Using the R CMD INSTALL
command, a shared object for the library is also produced (.so
file). It’s worth noting that the shared object must be compiled with the -g
option in order to include debug symbols.
I discovered that the shared object was produced without debugging symbols on some Linux systems. I wrote an additional piece of code to rewrite the Makevars
file holding the compilation parameters in order to solve the problem. This issue is solved in the Pull request #3.
The fuzz testing approach begins once the library and harness have been generated: the output of the tests is stored in order to evaluate them later using Valgrind.
The analysis phase
Following the completion of the fuzz testing, the next step is to analyze the inputs generated. This is done using deepstate_harness_analyze_pkg(package_path)
. This function looks for binary files containing the inputs in the <package_dir>/inst/testfiles
directory. The harness is then rerun with the --input_test_file
option: this allows to provide an input test case. It’s worth noting that in this second stage, the harness is examined by the Valgrind Memcheck tool, resulting in an XML log file.
RcppDeepState then parses this file for error information (message, line number, etc.) and returns them to the deepstate_harness_analyze_pkg(package_path)
function.
Example
RcppDeepState includes a sample library under the RcppDeepState/inst/testpkgs/testSAN
folder. It can be useful as a toy library for detecting problems. Following the approach outlined in the previous part, we examine the package in this section.
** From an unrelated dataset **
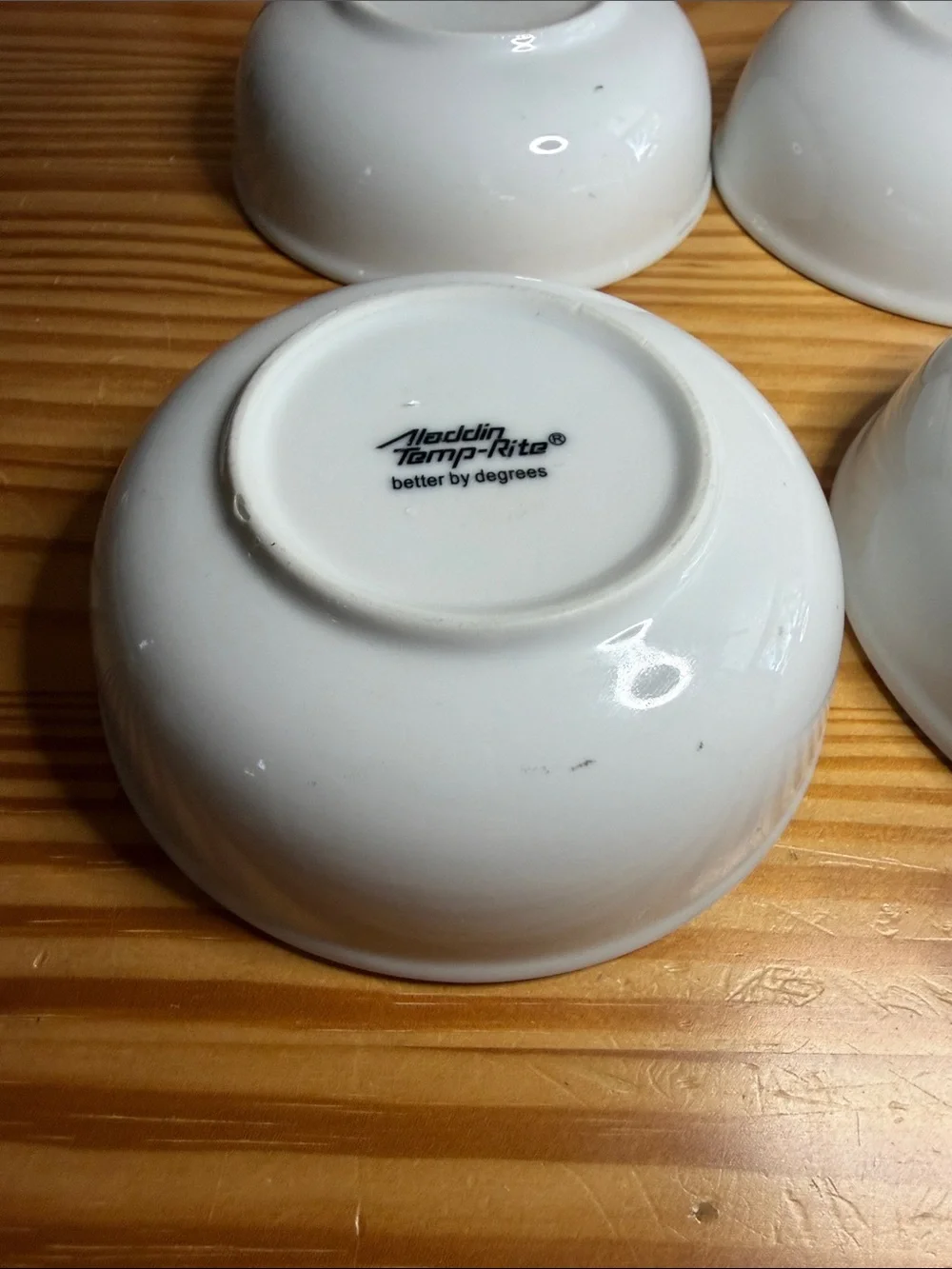 Vintage Aladdin Temp-Rite White Soup Salad Bowls Set of 4 Better By Degrees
The first step is to use deepstate_harness_compile_run
to compile the library. This function prints a list of successfully constructed harness when the compilation processes are done. In this example, all of the functions were appropriately built. On the other hand, if any functions are not built, an error message is generated.
> deepstate_harness_compile_run("RcppDeepState/inst/testpkgs/testSAN")
... compilation steps ...
[1] "rcpp_read_out_of_bound" "rcpp_use_after_deallocate"
[3] "rcpp_use_after_free" "rcpp_use_uninitialized"
[5] "rcpp_write_index_outofbound" "rcpp_zero_sized_array"
The next step is to use Valgrind’s Memcheck tool to perform the analysis.
> result <- deepstate_harness_analyze_pkg("RcppDeepState/inst/testpkgs/testSAN")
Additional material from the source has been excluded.